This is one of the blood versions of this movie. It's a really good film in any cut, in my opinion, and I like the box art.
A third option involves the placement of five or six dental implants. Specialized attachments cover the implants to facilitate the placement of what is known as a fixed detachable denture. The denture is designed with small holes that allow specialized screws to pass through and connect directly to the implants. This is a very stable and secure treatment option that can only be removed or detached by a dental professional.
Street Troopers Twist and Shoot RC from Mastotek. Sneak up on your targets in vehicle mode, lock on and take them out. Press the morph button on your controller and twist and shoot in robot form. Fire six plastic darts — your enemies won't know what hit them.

...

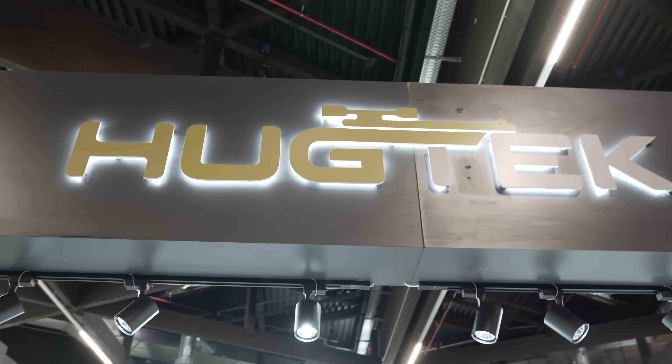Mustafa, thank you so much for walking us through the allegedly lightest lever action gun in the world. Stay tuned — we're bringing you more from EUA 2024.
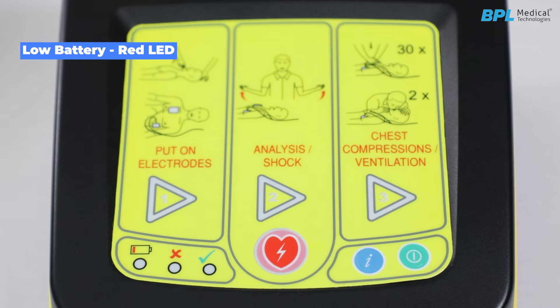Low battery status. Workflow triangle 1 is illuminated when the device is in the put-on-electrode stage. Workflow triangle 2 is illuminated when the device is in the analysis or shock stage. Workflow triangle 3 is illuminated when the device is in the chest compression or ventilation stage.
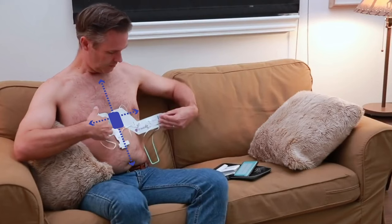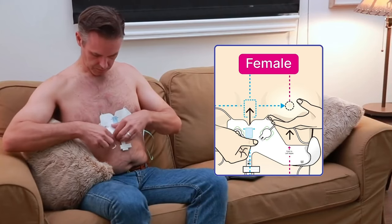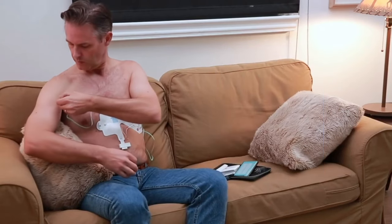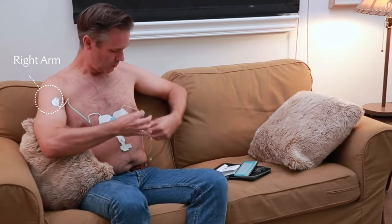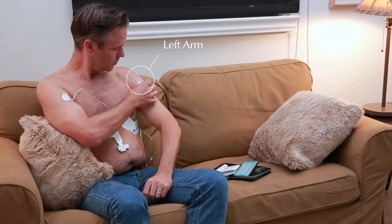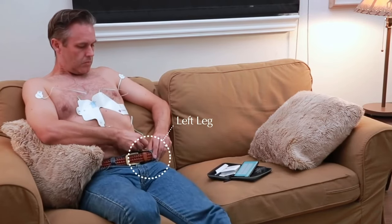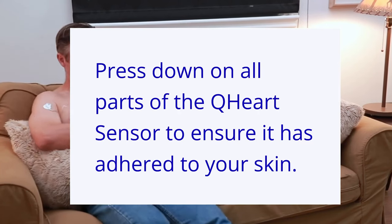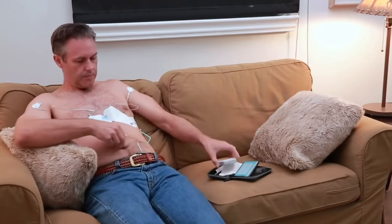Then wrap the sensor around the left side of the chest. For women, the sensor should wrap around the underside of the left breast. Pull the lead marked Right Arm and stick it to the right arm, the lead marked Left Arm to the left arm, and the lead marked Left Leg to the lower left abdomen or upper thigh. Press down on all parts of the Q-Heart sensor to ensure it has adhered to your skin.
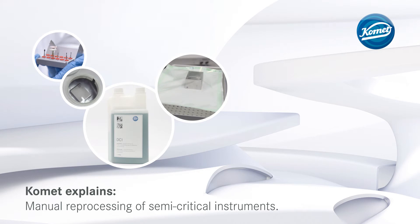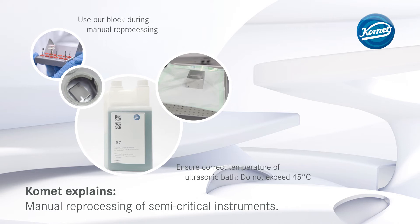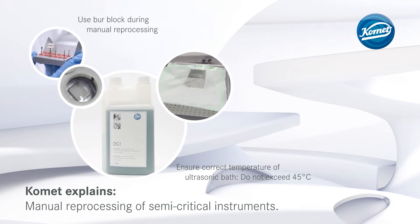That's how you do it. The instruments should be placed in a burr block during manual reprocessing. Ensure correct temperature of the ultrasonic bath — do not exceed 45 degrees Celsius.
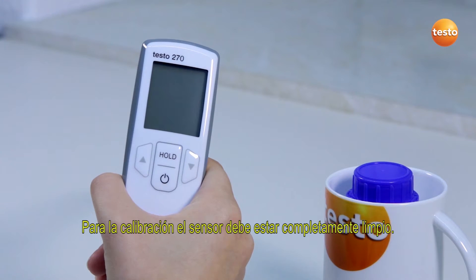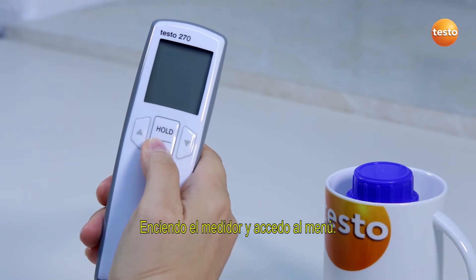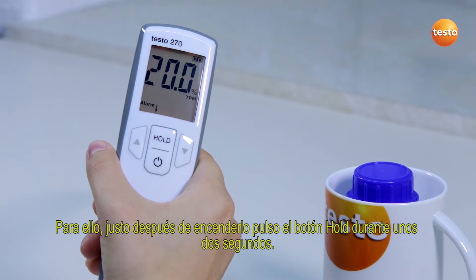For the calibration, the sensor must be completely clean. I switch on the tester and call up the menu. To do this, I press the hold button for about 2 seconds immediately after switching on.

* _Exercise_
Starting with the line with "A third option" above and going on through the line with "Street Troopers Twist", transcribe every line exactly, both ends included, and add nothing.

* _Response to the exercise_
A third option involves the placement of five or six dental implants. Specialized attachments cover the implants to facilitate the placement of what is known as a fixed detachable denture. The denture is designed with small holes that allow specialized screws to pass through and connect directly to the implants. This is a very stable and secure treatment option that can only be removed or detached by a dental professional.
Street Troopers Twist and Shoot RC from Mastotek. Sneak up on your targets in vehicle mode, lock on and take them out. Press the morph button on your controller and twist and shoot in robot form. Fire six plastic darts — your enemies won't know what hit them.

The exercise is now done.